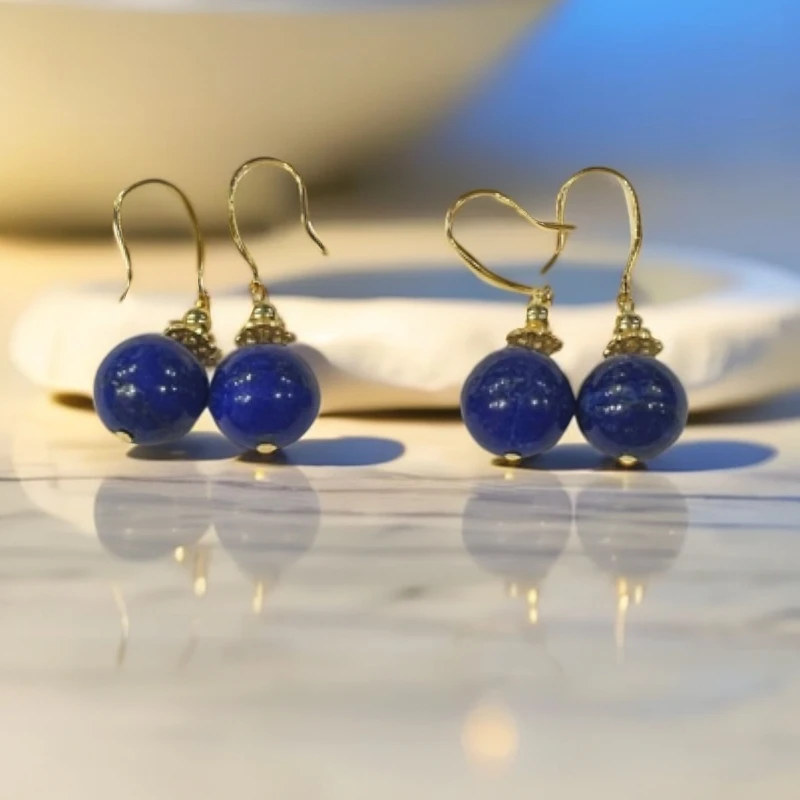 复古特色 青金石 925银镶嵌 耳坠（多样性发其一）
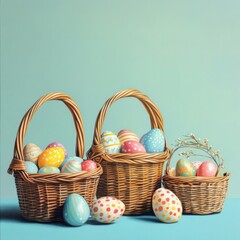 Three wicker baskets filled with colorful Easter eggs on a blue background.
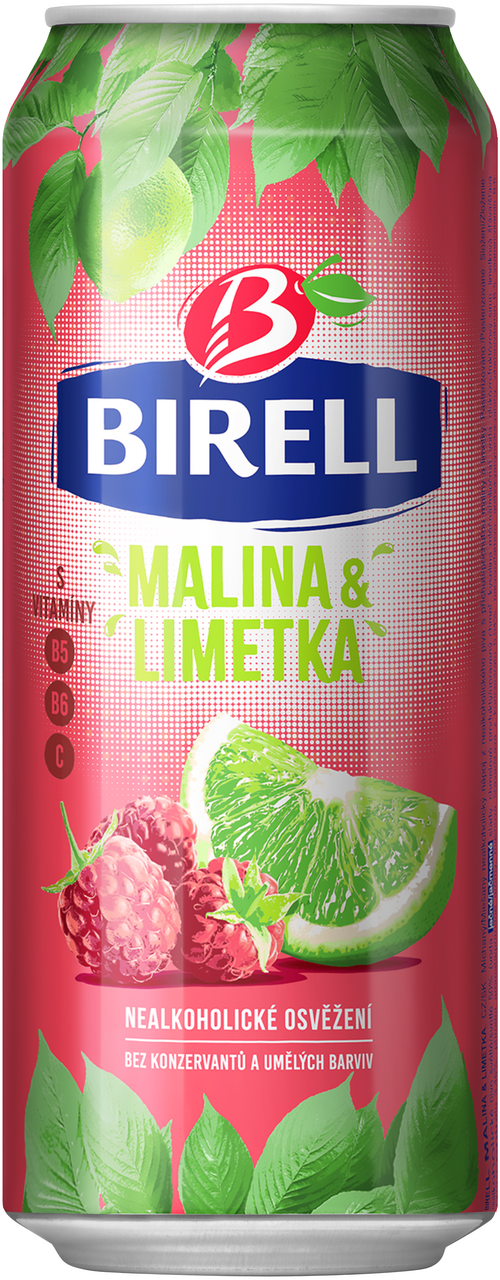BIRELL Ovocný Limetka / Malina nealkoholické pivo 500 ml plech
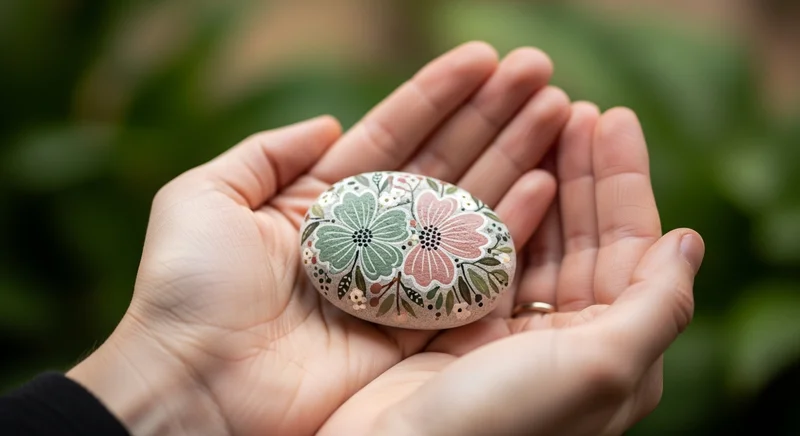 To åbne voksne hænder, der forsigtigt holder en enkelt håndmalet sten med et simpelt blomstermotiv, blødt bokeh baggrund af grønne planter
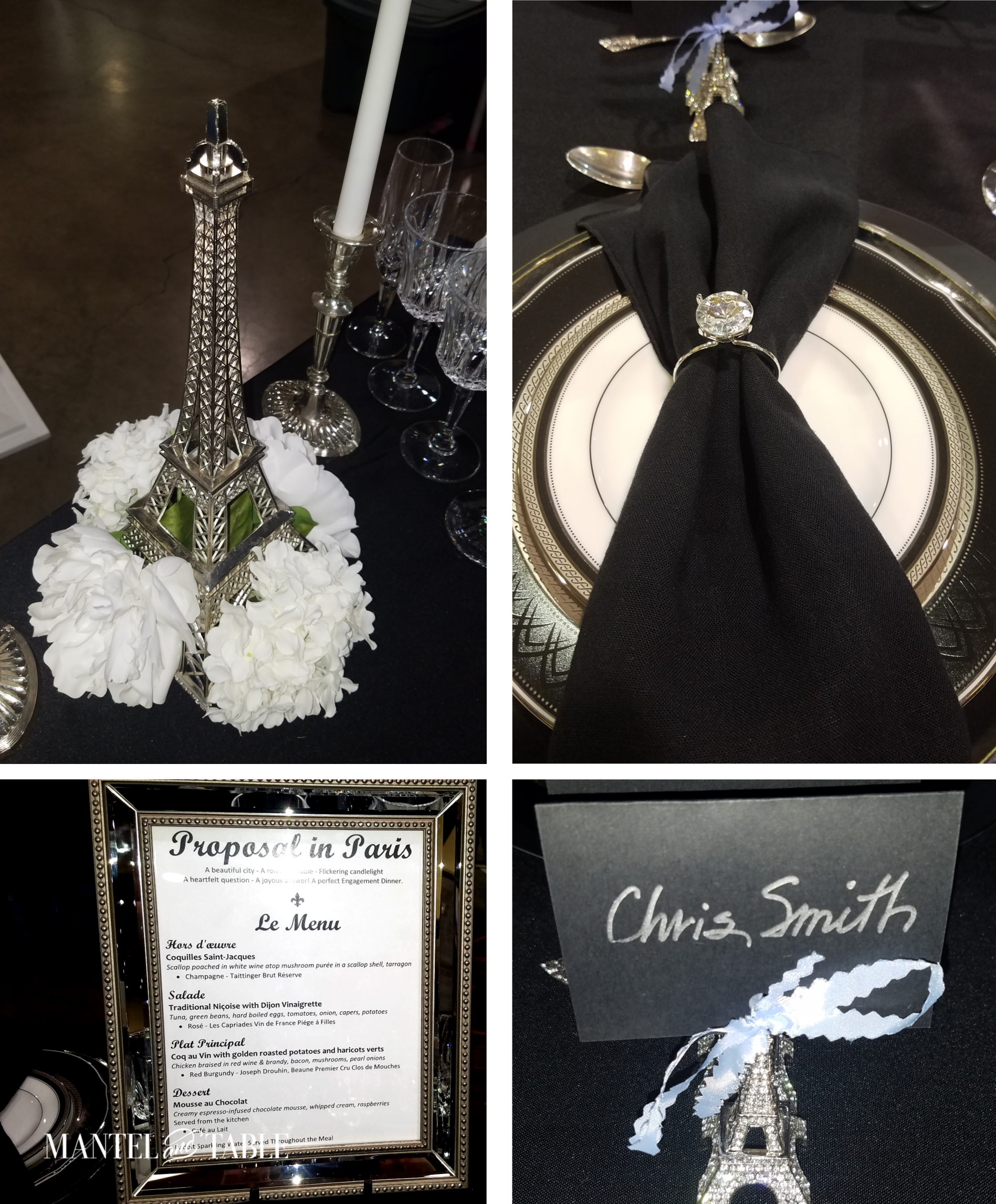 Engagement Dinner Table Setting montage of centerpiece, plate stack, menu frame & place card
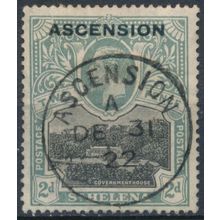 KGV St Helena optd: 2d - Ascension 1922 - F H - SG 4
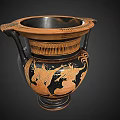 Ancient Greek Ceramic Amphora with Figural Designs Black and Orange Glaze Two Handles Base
* * *
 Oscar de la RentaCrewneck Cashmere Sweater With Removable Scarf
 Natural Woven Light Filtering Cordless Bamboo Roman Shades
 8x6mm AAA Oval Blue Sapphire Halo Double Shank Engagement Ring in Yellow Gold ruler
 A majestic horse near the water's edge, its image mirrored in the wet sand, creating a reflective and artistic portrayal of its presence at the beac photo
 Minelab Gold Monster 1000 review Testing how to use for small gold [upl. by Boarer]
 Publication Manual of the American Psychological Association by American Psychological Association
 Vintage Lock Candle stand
...
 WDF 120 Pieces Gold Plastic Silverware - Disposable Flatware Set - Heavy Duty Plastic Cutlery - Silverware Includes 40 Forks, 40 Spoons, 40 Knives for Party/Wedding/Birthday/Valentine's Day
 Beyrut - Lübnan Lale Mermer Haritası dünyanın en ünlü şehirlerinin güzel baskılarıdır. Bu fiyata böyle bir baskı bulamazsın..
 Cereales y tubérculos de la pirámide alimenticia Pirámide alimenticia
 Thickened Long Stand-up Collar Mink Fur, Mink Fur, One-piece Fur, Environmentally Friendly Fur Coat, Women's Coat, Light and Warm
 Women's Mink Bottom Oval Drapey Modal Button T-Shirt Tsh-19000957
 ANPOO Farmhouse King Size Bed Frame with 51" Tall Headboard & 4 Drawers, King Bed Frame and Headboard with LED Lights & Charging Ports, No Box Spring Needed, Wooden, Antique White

• **REQUIREMENT**
For this exercise, repeat exactly the lines of the data above from the one with "WDF 120 Pieces" down to the one with "ANPOO Farmhouse King", both end lines included.

• **RESPONSE TO THE TASK**
 WDF 120 Pieces Gold Plastic Silverware - Disposable Flatware Set - Heavy Duty Plastic Cutlery - Silverware Includes 40 Forks, 40 Spoons, 40 Knives for Party/Wedding/Birthday/Valentine's Day
 Beyrut - Lübnan Lale Mermer Haritası dünyanın en ünlü şehirlerinin güzel baskılarıdır. Bu fiyata böyle bir baskı bulamazsın..
 Cereales y tubérculos de la pirámide alimenticia Pirámide alimenticia
 Thickened Long Stand-up Collar Mink Fur, Mink Fur, One-piece Fur, Environmentally Friendly Fur Coat, Women's Coat, Light and Warm
 Women's Mink Bottom Oval Drapey Modal Button T-Shirt Tsh-19000957
 ANPOO Farmhouse King Size Bed Frame with 51" Tall Headboard & 4 Drawers, King Bed Frame and Headboard with LED Lights & Charging Ports, No Box Spring Needed, Wooden, Antique White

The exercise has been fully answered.